Once you fully understand the fundamentals of grouping tracks and bussing mixer channels to simplify and streamline the mixing process, you're qualified to step up to the next level.
Here, we share six tried and tested 'power user‘ bussing techniques guaranteed to get your creative juices flowing. For more power mixing tutorials, pick up the April edition of Computer Music.
Step 1: Use subgroups to organise your mix, and compress them. Compress the drum bus to add groove and bounce, the guitar bus to glue the guitars around each other, and so on. This can allow for a more targeted and controlled ‘glue’ effect than full mix compression, though also a little less complex, as there’ll be no interaction between groups.
Step 2: Create parallel busses called Bass, Mids and Treble, and send each track to the most appropriate one: kick, floor tom and bass guitar to the Bass bus; snare, electric guitar and vocal to the Mids bus; and drum overheads, acoustic guitar and maybe female vocal to the Treble bus. Compress each bus to glue those elements, and blend in the mix to taste.
Step 3: Try the last two tricks together: bus parts into groups by instrument, but also send to parallel buses according to the vague (and deliberately intuitive) scheme in the last step. This gives you very controllable interaction between, say, the guitars; and also very controllable interaction between the electric guitar and the snare drum at the same time.
Step 4: Compress your guitar group, with the sidechain keyed from from the lead vocal, so that the guitars duck down when the vocals come in, and ride up again afterwards. You probably won’t want more than a dB or two of this at most. Compressors with a Range parameter are useful, as you can then control the amount of ducking very precisely.

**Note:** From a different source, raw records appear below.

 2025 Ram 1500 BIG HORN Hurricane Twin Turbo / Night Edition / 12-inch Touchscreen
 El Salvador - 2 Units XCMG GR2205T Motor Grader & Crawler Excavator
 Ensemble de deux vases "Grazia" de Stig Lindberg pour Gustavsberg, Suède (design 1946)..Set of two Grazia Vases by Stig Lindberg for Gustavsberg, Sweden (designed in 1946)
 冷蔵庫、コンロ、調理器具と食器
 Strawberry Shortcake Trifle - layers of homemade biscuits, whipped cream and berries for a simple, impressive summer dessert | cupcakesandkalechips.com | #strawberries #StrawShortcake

Step 5: Use a multiband compressor with a sidechain input to duck just the low-mids of your guitar group when every snare hits. Multiband ducking can also provide a subtler version of the famous ‘kick-ducks-bass’ trick, where your kick only ducks the low frequencies of the bass instead of the whole signal.
Step 6: Finally, use Sound Radix Surfer EQ to process a guitar group, with your lead vocal piped into the sidechain input. Set a bell cut or two to track prominent harmonics in the vocal part, with the Gate function set so that the cuts are only active when the vocal is present. It’s a pro trick, but it can achieve that necessary separation in vital frequency areas.